Bash Day 2 morning session

  1. Let’s continue with the questions we did not finish on Tuesday.
Question 18 Using Unix pipes, write a one-line command to show the name of the longest .pdb file (by the number of lines). Paste your answer into the chat.
 
Question 19 Combine ls and head and/or tail into a one-line command to show three largest files (by the number of bytes) in a given directory. Paste your answer into the chat.
 
Question 20 Write a loop that concatenates all .pdb files in data-shell/molecules subdirectory into one file called allmolecules.txt, prepending each fragment with the name of the corresponding .pdb file, and separating different files with an empty line. Run the loop, make sure it works, bring it up with the “up arrow” key and paste into the chat.
 
Question 21 Use Ctrl-C to kill an infinite (or very long) loop. (no need to type any answer)
 
Question 22 Play with variables and their values. Change the prompt, e.g. PS1="\u@\h \w> ". (no need to type any answer)
 
Question 23 What will the command echo directoryName/* do? Try answering without running it. How is this output different from ls directoryName and ls directoryName/*?
 
Question 24 What will the loop for i in hello 1 2 * bye; do echo $i; done print? Try answering without running the loop.
 
Question 25

Pasting variables into strings:

var="sun"
echo $varshine
echo ${var}shine
echo "$var"shine

(no need to type any answer)

 
Question 26

Create a loop that writes into 10 files chapter01.md, chapter02.md, …, chapter10.md. Each file should contain chapter-specific lines, e.g. chapter05.md will contain exactly these lines:

## Chapter 05
This is the beginning of Chapter 05.
Content will go here.
This is the end of Chapter 05.

(no need to type any answer)

 
Question 27 Redirection 1> and 2> and /dev/null (no need to type any answer)
 
Question 28 ; vs. && separators, e.g. mkdirr tmp; cd tmp (no need to type any answer)
 
Question 29

Variable manipulation:

myvar="hello"
echo $myvar
echo ${myvar:offset}
echo ${myvar:offset:length}
echo ${myvar:2:3}    # 3 characters starting from character 2
echo ${myvar/l/L}    # replace the first match of a pattern
echo ${myvar//l/L}   # replace all matches of a pattern

(no need to type any answer)

 
Question 30

Using knowledge from the previous question, write a loop to replace spaces to underscores in all file names in the current directory.

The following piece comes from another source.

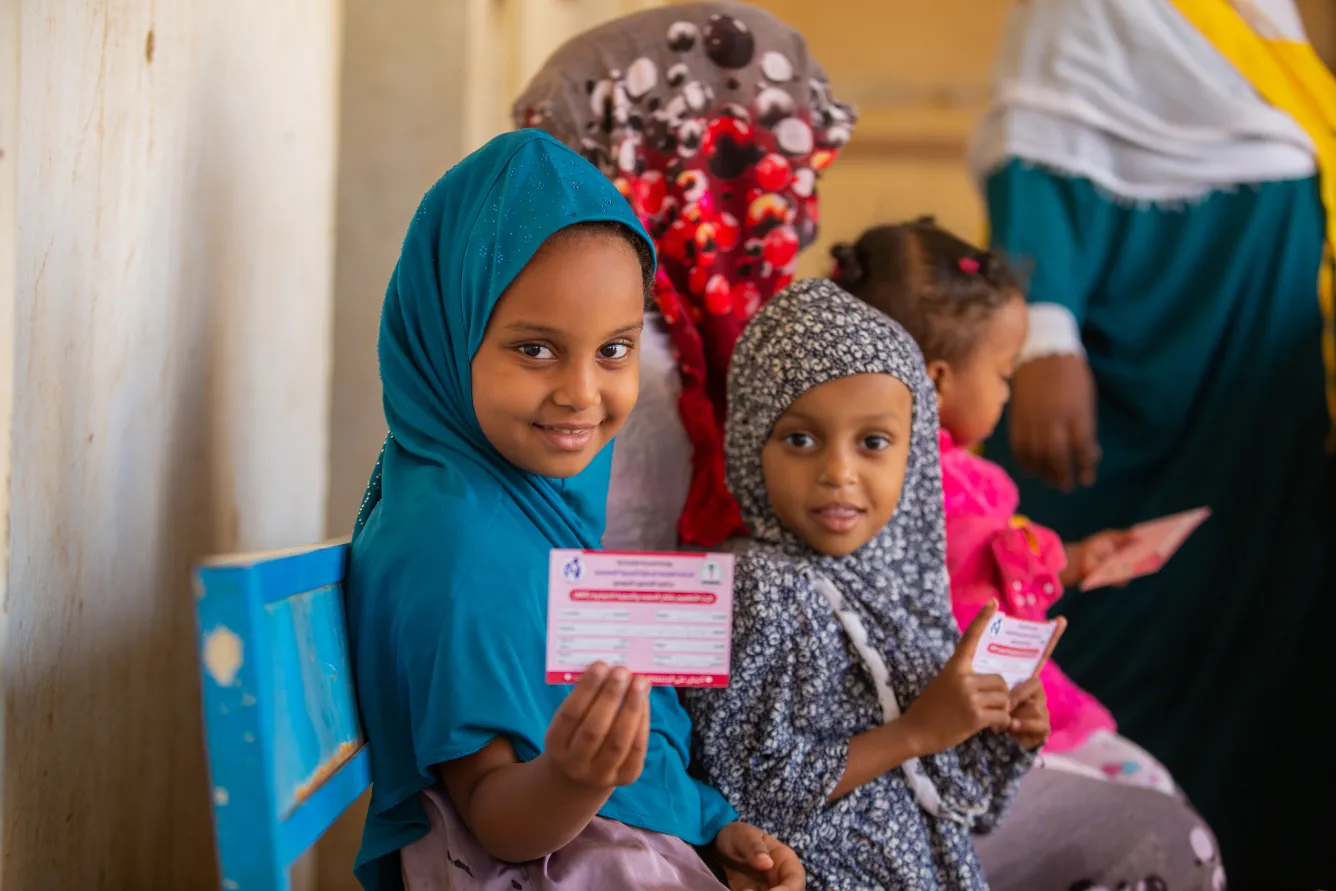 Une petite fille montre sa carte de vaccination après avoir été vaccinée contre la rougeole et la rubéole dans l’État de Kassala, au Soudan.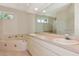 Bathroom featuring double sinks and a tub, with a glass block accent wall and tiled floors at 4092 Green Tree Ave, Sarasota, FL 34233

touch hello "first phrase" "second phrase" "good morning, everyone"
ls -l
ls *\ *
 
Question 31 Why mv *.txt *.bak does not work? Write a loop to rename all .txt files to .bak files. There are several solutions for changing a file extension inside a loop you know by now.
 
Question 32 Are there questions on any of the topics that we covered today? You can type your question into the chat, ask via audio (unmute), or raise your hand in Zoom.
 
  1. Review the program for this morning: you have 1h4m of videos to read/watch until 11:30am Pacific.

By mid-day you should be able to:

  • write a multi-line bash script and a bash function
  • process command-line arguments in this script / function
  • search inside files with grep
  • search the filesystem with find
  • perform basic text manipulation with sed, tr, awk

Some of the hands-on exercises we will do in the mid-day Zoom session:

  • Write a function archive() to replace directories with their gzipped archives.
  • Write a one-line command that will search for a string in all files in the current directory and all its subdirectories, and will hide errors (e.g. due to permissions).
  • Write a one-line command that finds 5 largest files in the current directory and prints only their names and file sizes in the human-readable format (indicating bytes, kB, MB, GB, …) in the decreasing file-size order. Hint: use find, xargs, and awk.